Hillary Clinton’s Proposal to End to Private Prisons Boosts Her Popularity

Clinton on private prisons

Hillary Clinton may have found a way to get an edge in the upcoming elections. She presented a proposal to end private prisons, a topic that rarely appears on presidential campaign agendas.

A recent swing-voter focus group provided feedback from the state of Pennsylvania. People attending the debate applauded her for criticizing the private prisons’ system, and for the fact that she acknowledged this is a serious state issue. Her harsh stance on private prisons could be just what she needs to swing the vote in her favor.

Frank Luntz was behind the focus group, in which 27 people participated. At first, there were 28, but one man claimed he will be voting for Trump, so he had to leave the group. Reporters could see on a screen how the members of the focus group felt about each candidate and their statements.

Trump got quite a lot of thumbs-up when he began to criticize the NAFTA trade deal, and subsequently promised to renegotiate the agreements. But his score crashed when he tried to explain his reasons for refusing to release his tax returns. And he was met with the same reaction when explained why he wanted to see President Obama’s birth certificate.

Clinton herself faced both positive and negative reactions. The undecided voters had a particularly negative reaction when she started bashing Trump’s birtherism. But they warmed up when Clinton spoke about her the small business her dad owned.

Private Prisons Are Sore Spot for Pennsylvania

However, the positive results of this conversation didn’t even come close to the numbers she achieved when she started talking about putting an end to private prisons. Her number kept going higher and higher as she pointed out that crime rates are nearly as high as Trump makes them out to be. Her favorability continued to go up as she stated that the justice system tends to be harsher towards black and Hispanic men.
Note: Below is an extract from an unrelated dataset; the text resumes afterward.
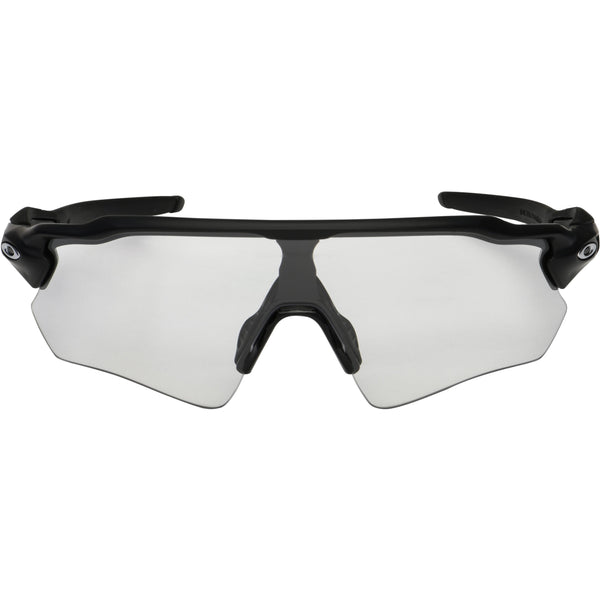 [OO9208-74] Mens Oakley Radar EV Path Sunglasses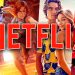 Netflix’te bu hafta: Heyecanla beklenen bir film ve sevilen bir dizinin geri dönüşü!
Finally her favorability soared when she praised the Department of Justice’s initiative to stop using private prisons. And she concluded by saying that she will do her best to end private prison contracts.

After the end of the debate, focus group participants explained why they had been so enthusiastic about Clinton’s stance on private prisons. The state of Pennsylvania, where the focus group took place, faced an infuriating scandal over the past years. The scandal, which goes by the name of “Kids for Cash,” began five years ago.

A Pennsylvania judge received a 28-year sentence for receiving a number of bribes from a private prison owner. The private prison company and the judge had an arrangement, in which the judge would receive money for every he sent to the prison. Often, he would violate the children’s right to an attorney to do this. All in all, the Pennsylvania state supreme court sent about 4000 kids to prison.

Naturally, the whole community was affected by this scandal. The affair touched the lives of the children that had received sentences in violation of their rights. But it also affected their families and friends of these children. And the larger community of Pennsylvania residents who found out about the news. Even though the scandal erupted in 2011, for many it is still a sore spot.